Aim of the exercise: All the lines below should appear again unchanged, though their pictures should not.

Records for processing: Begin

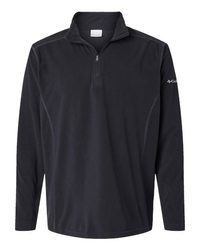 Photo de Men's Klamath Range™ II Half-Zip Pullover - Columbia - Noir - vue 3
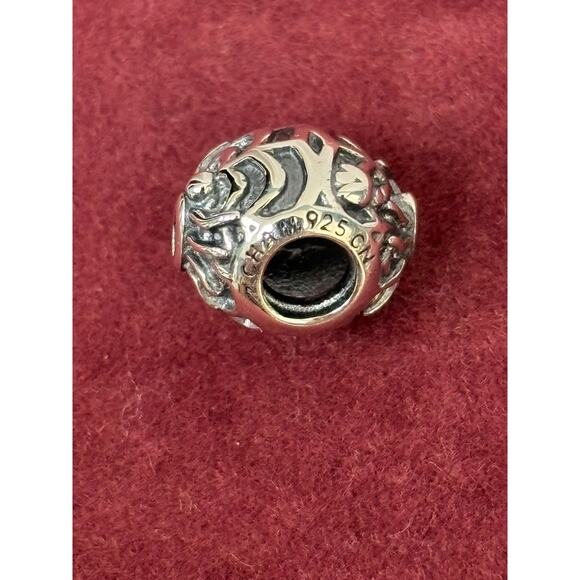 Chamilia Sterling Silver Tangled Spider Web Limited Edition Bead Charm #63969 - Picture 3 of 5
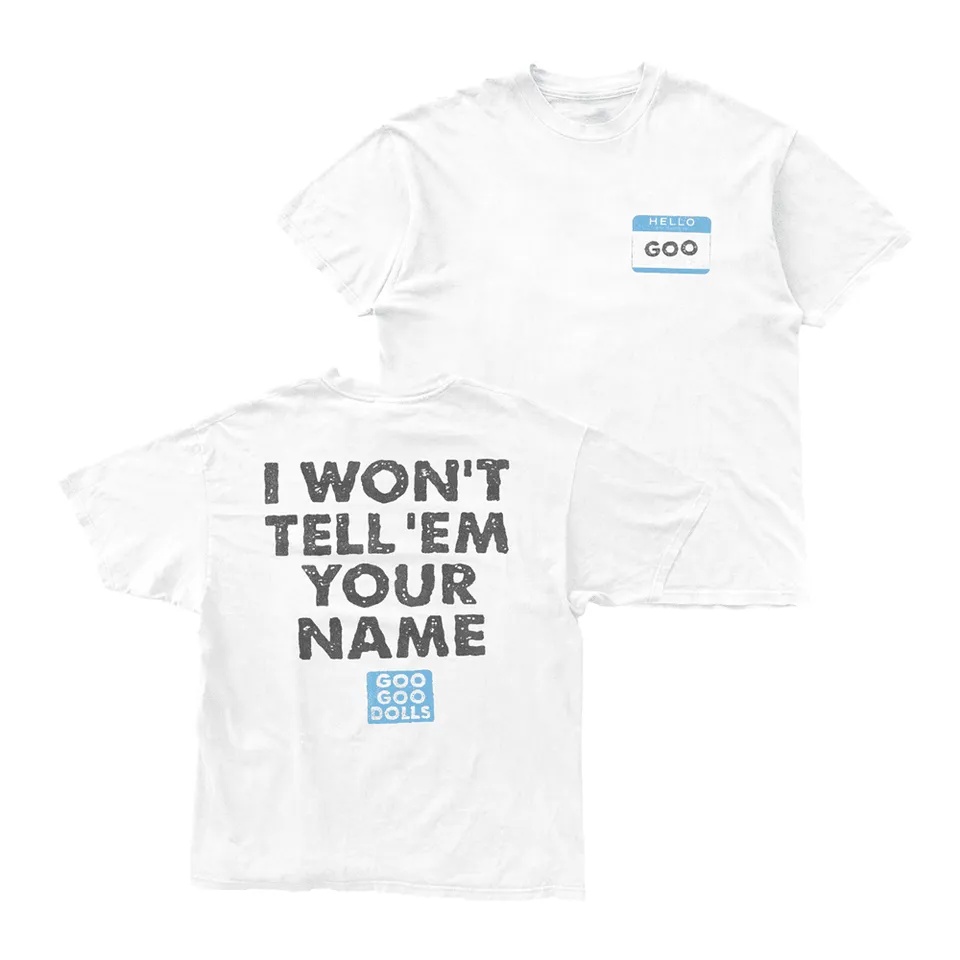 Kaos Putih Cetak Sederhana Goo - Sports Equipment And Names ulasan dan harga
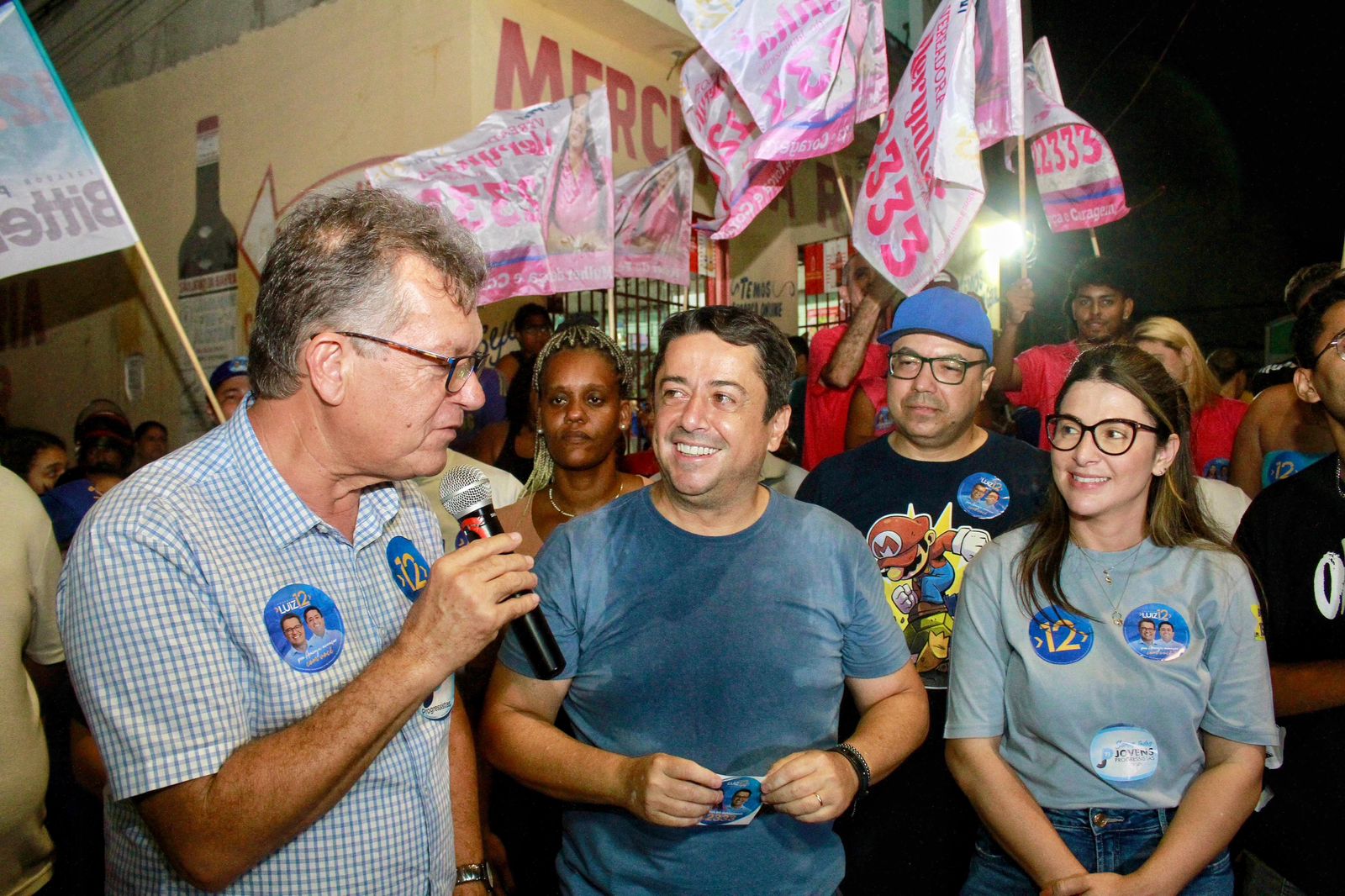 Laércio e Fabiano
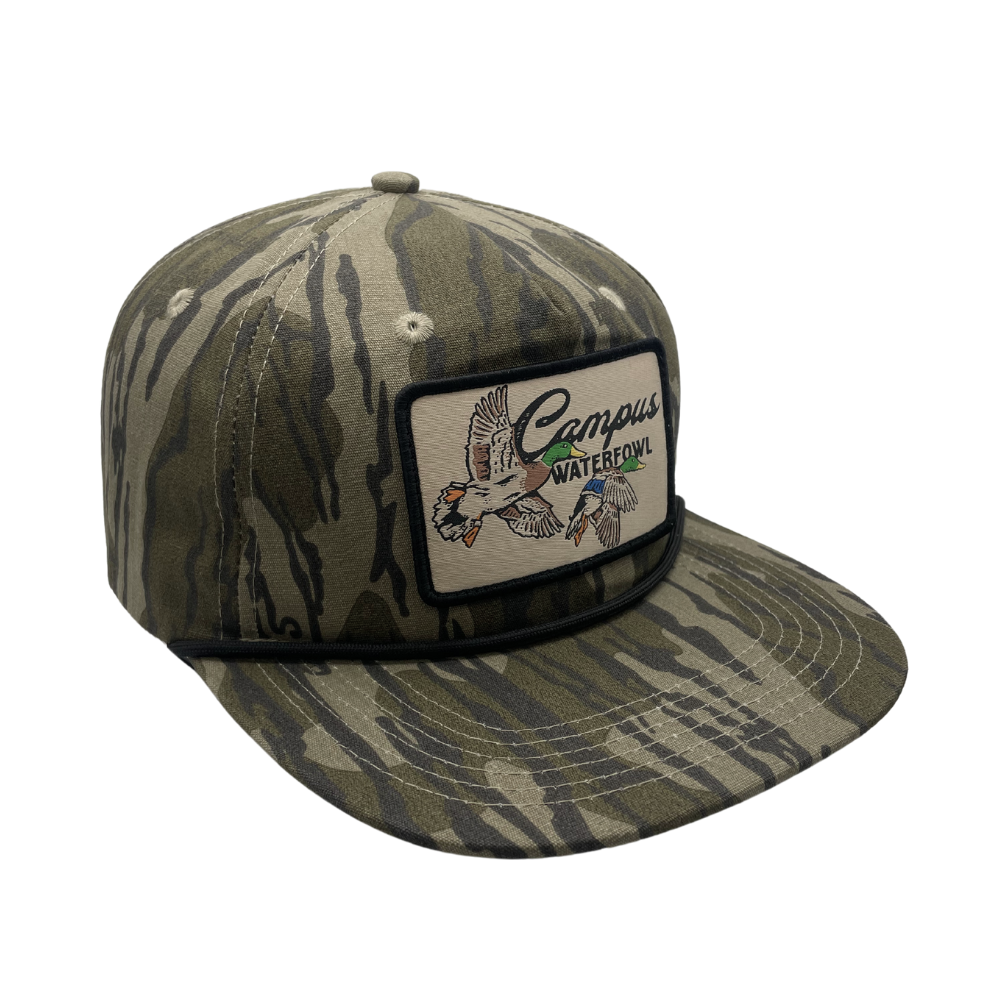 Campus Waterfowl Greenhead Rope Hat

Records for processing: End

Solution to the exercise:
 Photo de Men's Klamath Range™ II Half-Zip Pullover - Columbia - Noir - vue 3
 Chamilia Sterling Silver Tangled Spider Web Limited Edition Bead Charm #63969 - Picture 3 of 5
 Kaos Putih Cetak Sederhana Goo - Sports Equipment And Names ulasan dan harga
 Laércio e Fabiano
 Campus Waterfowl Greenhead Rope Hat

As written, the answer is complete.